What to work on: Your task is to repeat the entries word for word while leaving out the pictures.

[Opening Recorded information section]

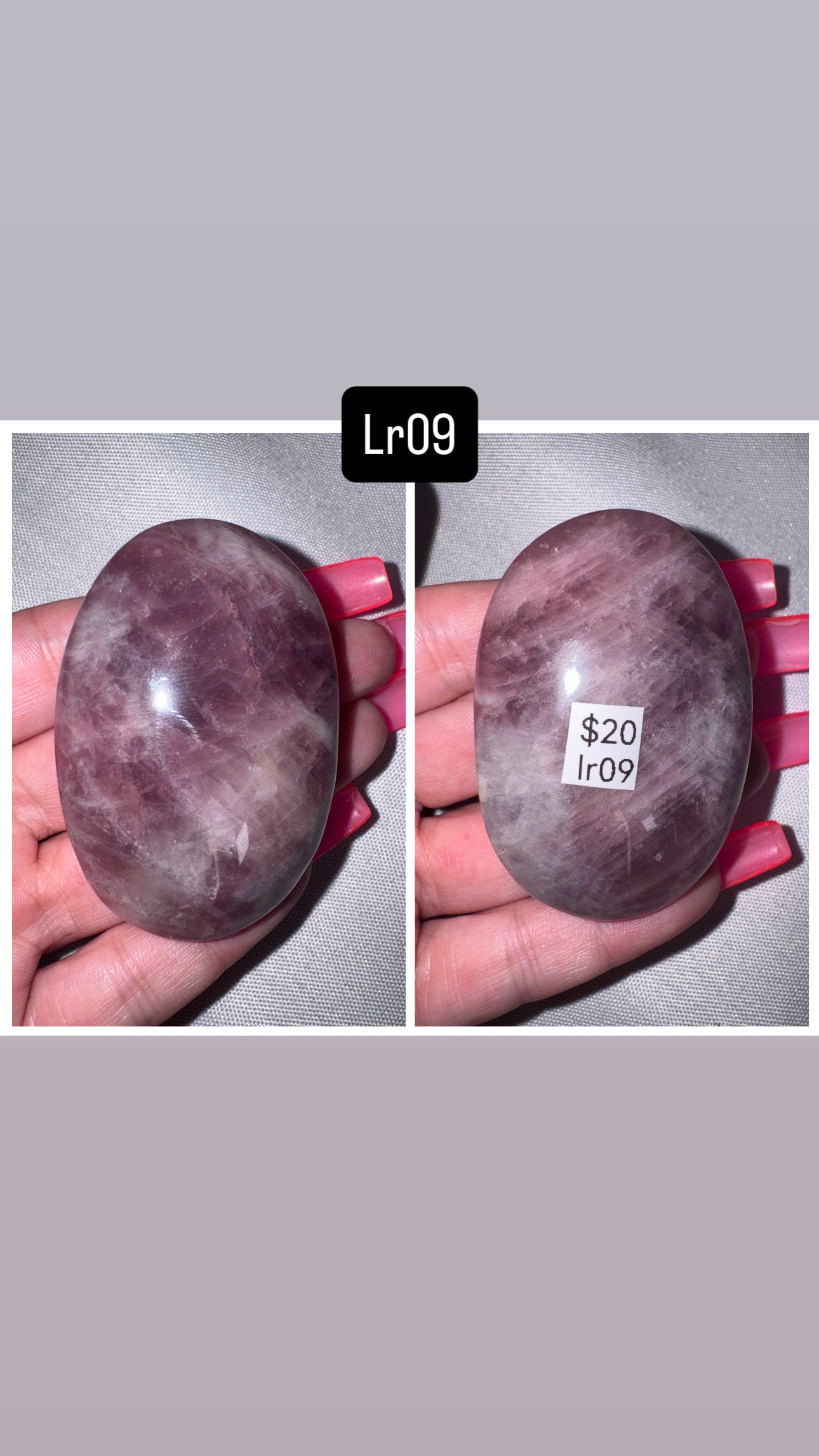 Lavender Rose Quartz Palmstone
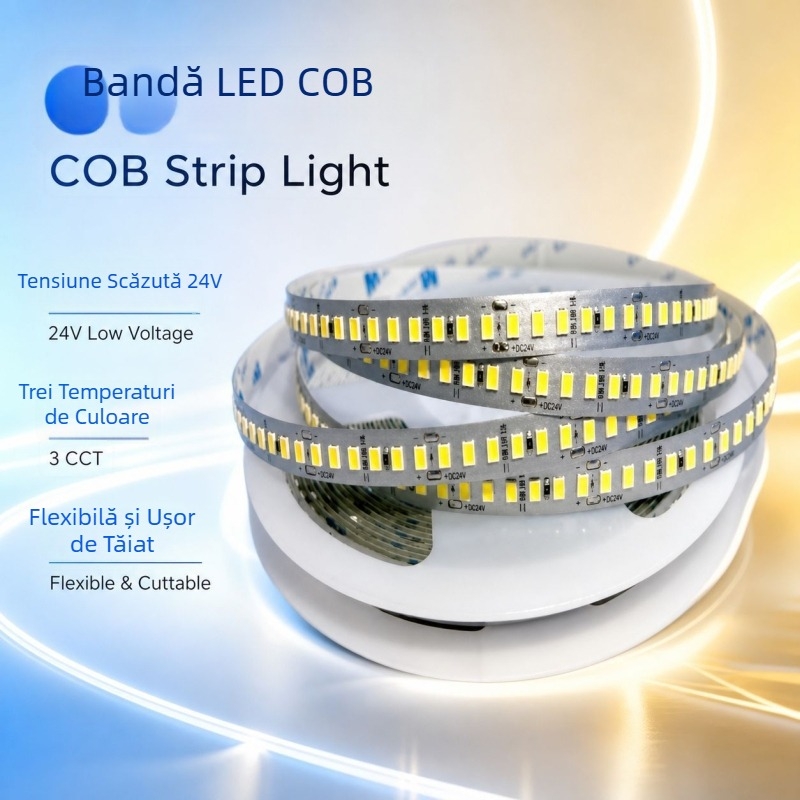 Bandă LED COB flexibilă, 180 de LEDuri, 3 temperaturi de culoare, 24V, LED 2835 pentru decor de tavan și scări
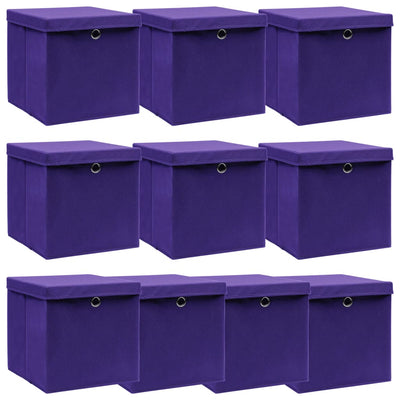 Boîtes de stockage Vidaxl avec couvercle 10 PCS 32x32x32 cm Fabric pourpre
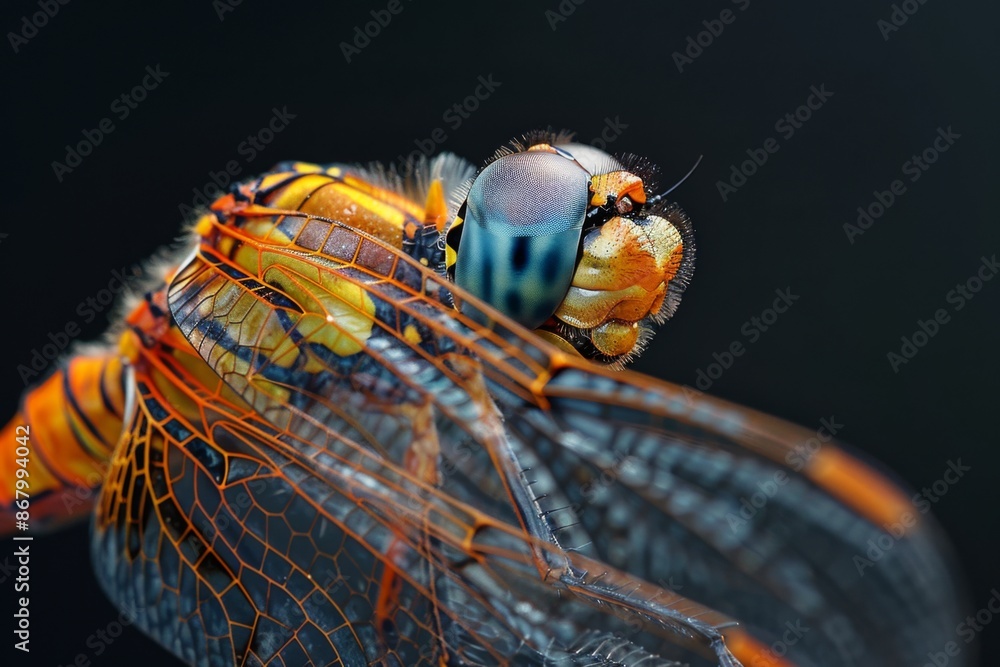 Wall mural Close-up of a Dragonfly with Intricate Wings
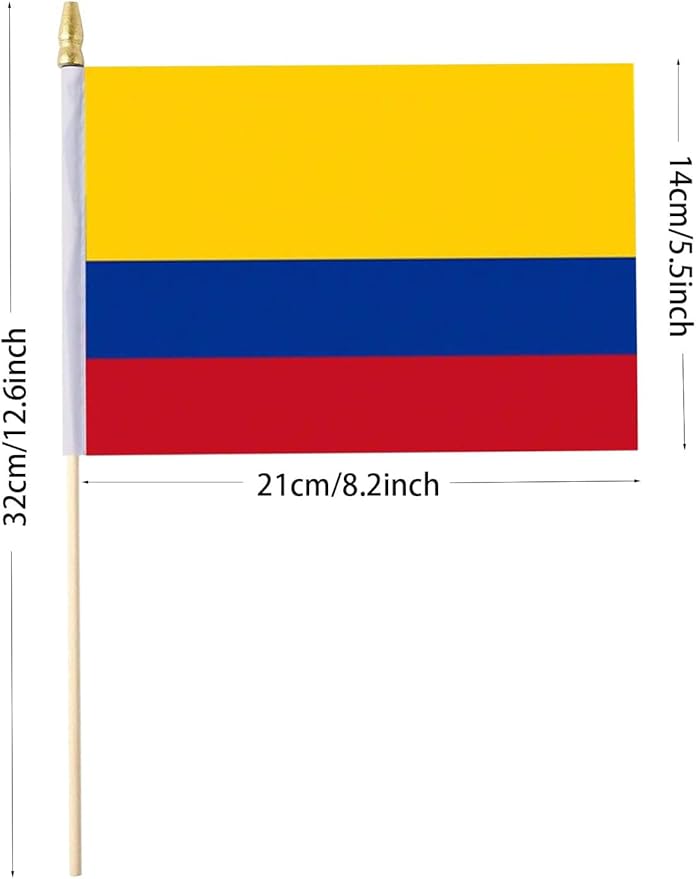GSYLPFT 12 Pack Colombia Flags on Sticks Colombian Small Mini Hand Held Flags for Office Classroom Holiday Party Decorations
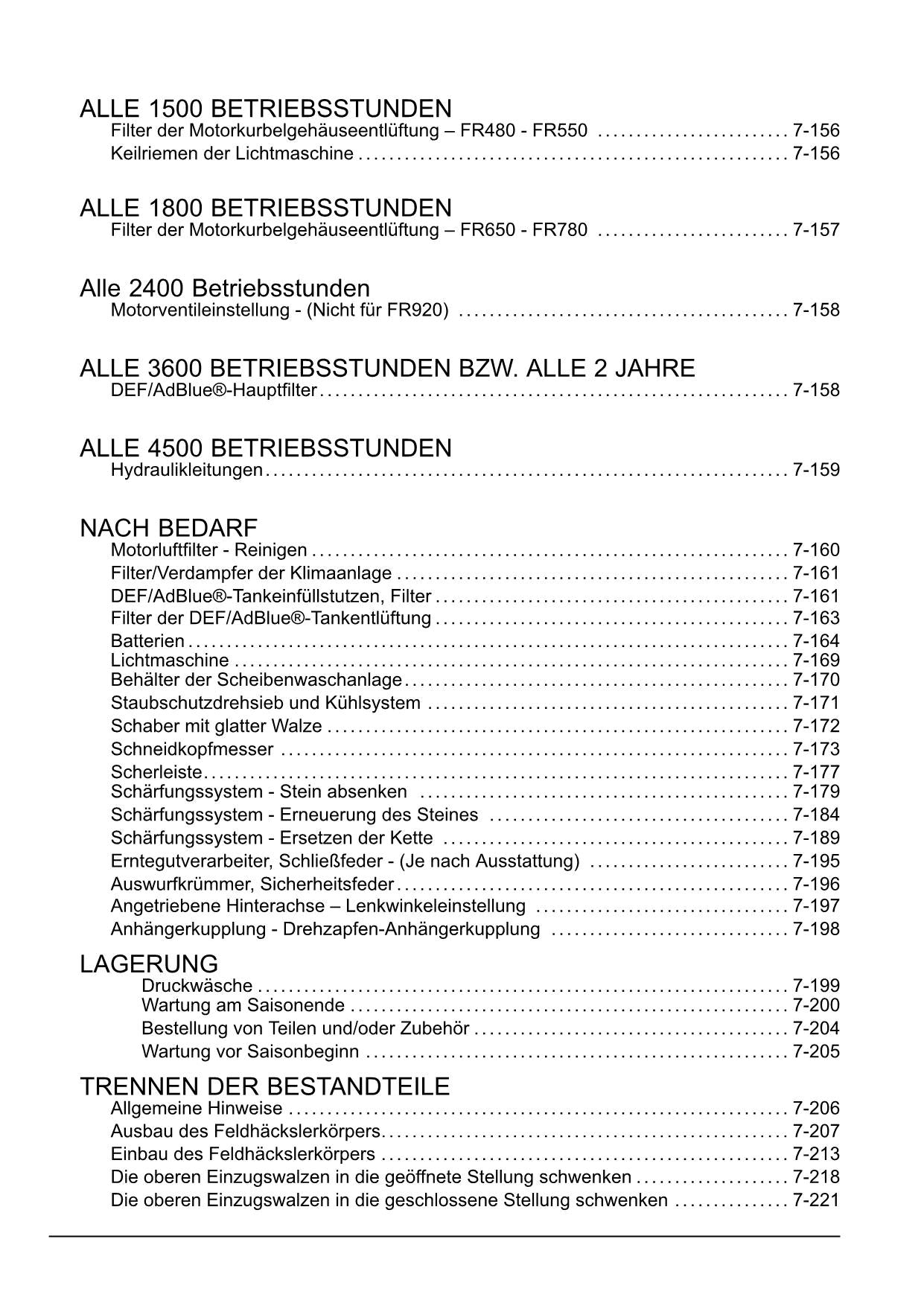 New Holland FR780 FR920 FORAGE CRUISER Feldhäcksler Betriebsanleitung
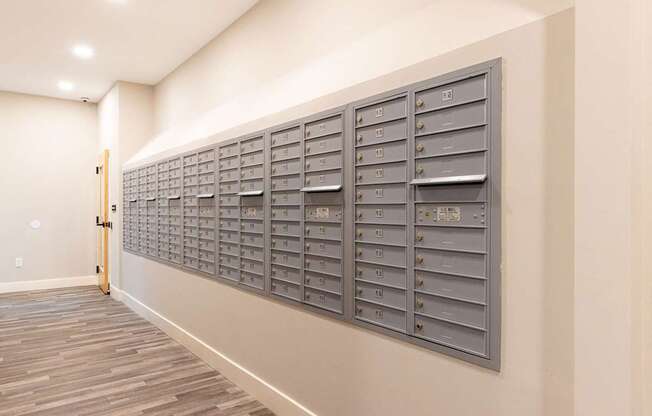 A wall of mailboxes is lined up against a wall.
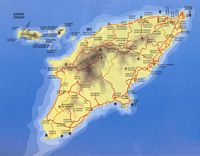 Χάρτης ελληνικός και λατινικός του νησιού της Ρόδου. Κάντε κλικ για μεγέθυνση.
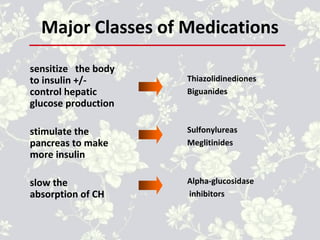 Major Classes of Medications
sensitize the body
to insulin +/-
control hepatic
glucose production
stimulate the
pancreas to make
more insulin
slow the
absorption of CH
Thiazolidinediones
Biguanides
Sulfonylureas
Meglitinides
Alpha-glucosidase
inhibitors
 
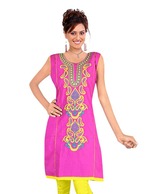 Khazana Pink-Yellow Cotton Kurti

[Closing Recorded information section]

Exercise answer:
 Lavender Rose Quartz Palmstone
 Bandă LED COB flexibilă, 180 de LEDuri, 3 temperaturi de culoare, 24V, LED 2835 pentru decor de tavan și scări
 Boîtes de stockage Vidaxl avec couvercle 10 PCS 32x32x32 cm Fabric pourpre
 Wall mural Close-up of a Dragonfly with Intricate Wings
GSYLPFT 12 Pack Colombia Flags on Sticks Colombian Small Mini Hand Held Flags for Office Classroom Holiday Party Decorations
 New Holland FR780 FR920 FORAGE CRUISER Feldhäcksler Betriebsanleitung
 A wall of mailboxes is lined up against a wall.
 Χάρτης ελληνικός και λατινικός του νησιού της Ρόδου. Κάντε κλικ για μεγέθυνση.
 Major Classes of Medications
sensitize the body
to insulin +/-
control hepatic
glucose production
stimulate the
pancreas to make
more insulin
slow the
absorption of CH
Thiazolidinediones
Biguanides
Sulfonylureas
Meglitinides
Alpha-glucosidase
inhibitors
 
 Khazana Pink-Yellow Cotton Kurti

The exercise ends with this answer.